High frequency homogenization for travelling waves in periodic media

TL;DR

This paper develops a high frequency homogenization method for traveling waves in periodic media across various wave equations, deriving effective equations and proving conditions for wave coupling or decoupling.

Contribution

It introduces a simplified two-scale analysis approach for high frequency homogenization applicable to multiple wave systems, extending previous rigorous methods.

Findings

Effective equations for modulating functions are derived.

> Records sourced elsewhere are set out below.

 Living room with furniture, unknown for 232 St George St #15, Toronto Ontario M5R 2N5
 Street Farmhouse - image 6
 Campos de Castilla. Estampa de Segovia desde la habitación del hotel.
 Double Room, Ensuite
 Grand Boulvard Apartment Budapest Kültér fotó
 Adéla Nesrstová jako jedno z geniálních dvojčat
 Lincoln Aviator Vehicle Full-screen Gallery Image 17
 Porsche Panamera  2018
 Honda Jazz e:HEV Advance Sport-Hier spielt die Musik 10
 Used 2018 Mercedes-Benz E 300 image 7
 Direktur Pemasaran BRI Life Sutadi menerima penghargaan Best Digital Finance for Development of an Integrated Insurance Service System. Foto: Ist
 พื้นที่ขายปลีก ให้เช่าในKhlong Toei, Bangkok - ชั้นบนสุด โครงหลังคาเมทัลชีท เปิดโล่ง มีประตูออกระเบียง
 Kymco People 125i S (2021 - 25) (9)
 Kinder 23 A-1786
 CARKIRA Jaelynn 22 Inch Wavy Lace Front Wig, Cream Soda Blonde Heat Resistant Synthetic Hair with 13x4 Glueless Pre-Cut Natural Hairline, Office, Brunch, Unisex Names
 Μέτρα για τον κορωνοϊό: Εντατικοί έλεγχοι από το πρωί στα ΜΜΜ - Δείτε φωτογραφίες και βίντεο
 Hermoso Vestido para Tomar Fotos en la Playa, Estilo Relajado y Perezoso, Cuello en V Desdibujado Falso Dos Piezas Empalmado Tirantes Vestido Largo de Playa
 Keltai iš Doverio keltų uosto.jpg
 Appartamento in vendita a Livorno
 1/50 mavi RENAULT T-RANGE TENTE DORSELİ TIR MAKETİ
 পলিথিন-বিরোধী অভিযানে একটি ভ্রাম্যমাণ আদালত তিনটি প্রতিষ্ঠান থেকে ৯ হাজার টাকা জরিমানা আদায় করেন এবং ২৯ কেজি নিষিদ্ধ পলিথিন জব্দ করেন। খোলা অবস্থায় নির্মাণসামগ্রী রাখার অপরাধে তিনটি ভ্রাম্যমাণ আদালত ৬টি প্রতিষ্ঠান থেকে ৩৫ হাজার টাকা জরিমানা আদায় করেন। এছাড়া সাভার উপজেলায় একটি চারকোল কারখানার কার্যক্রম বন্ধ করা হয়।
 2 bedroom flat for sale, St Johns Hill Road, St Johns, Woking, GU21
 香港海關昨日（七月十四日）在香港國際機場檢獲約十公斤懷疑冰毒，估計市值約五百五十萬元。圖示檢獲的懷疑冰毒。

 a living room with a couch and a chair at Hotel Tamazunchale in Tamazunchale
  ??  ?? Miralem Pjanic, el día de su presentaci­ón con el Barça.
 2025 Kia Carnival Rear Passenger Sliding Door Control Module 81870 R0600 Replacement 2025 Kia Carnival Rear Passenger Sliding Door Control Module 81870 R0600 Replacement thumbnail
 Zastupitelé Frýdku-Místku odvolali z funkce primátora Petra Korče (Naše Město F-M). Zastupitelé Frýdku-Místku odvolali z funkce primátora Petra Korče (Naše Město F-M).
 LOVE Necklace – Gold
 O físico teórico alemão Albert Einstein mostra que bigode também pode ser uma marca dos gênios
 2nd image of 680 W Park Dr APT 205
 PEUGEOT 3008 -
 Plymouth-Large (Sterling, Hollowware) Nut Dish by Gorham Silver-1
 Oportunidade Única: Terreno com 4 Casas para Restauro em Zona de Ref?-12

No coupling occurs unless specific frequency and wave vector conditions are met.

The method simplifies analysis and can handle degeneracy in Bloch eigenvalues.

Abstract

We consider high frequency homogenization in periodic media for travelling waves of several different equations: the wave equation for scalar-valued waves such as acoustics; the wave equation for vector-valued waves such as electromagnetism and elasticity; and a system that encompasses the Schr{\"o}dinger equation. This homogenization applies when the wavelength is of the order of the size of the medium periodicity cell. The travelling wave is assumed to be the sum of two waves: a modulated Bloch carrier wave having crystal wave vector $\Bk$ and frequency $\omega_1$ plus a modulated Bloch carrier wave having crystal wave vector $\Bm$ and frequency $\omega_2$. We derive effective equations for the modulating functions, and then prove that there is no coupling in the effective equations between the two different waves both in the scalar and the system cases. To be precise, we prove that there is no coupling unless $\omega_1=\omega_2$ and $(\Bk-\Bm)\odot\Lambda \in 2\pi \mathbb Z^d,$ where $\Lambda=(\lambda_1\lambda_2\dots\lambda_d)$ is the periodicity cell of the medium and for any two vectors $a=(a_1,a_2,\dots,a_d), b=(b_1,b_2,\dots,b_d)\in\mathbb R^d,$ the product $a\odot b$ is defined to be the vector $(a_1b_1,a_2b_2,\dots,a_db_d).$ This last condition forces the carrier waves to be equivalent Bloch waves meaning that the coupling constants in the system of effective equations vanish. We use two-scale analysis and some new weak-convergence type lemmas. The analysis is not at the same level of rigor as that of Allaire and coworkers who use two-scale convergence theory to treat the problem, but has the advantage of simplicity which will allow it to be easily extended to the case where there is degeneracy of the Bloch eigenvalue.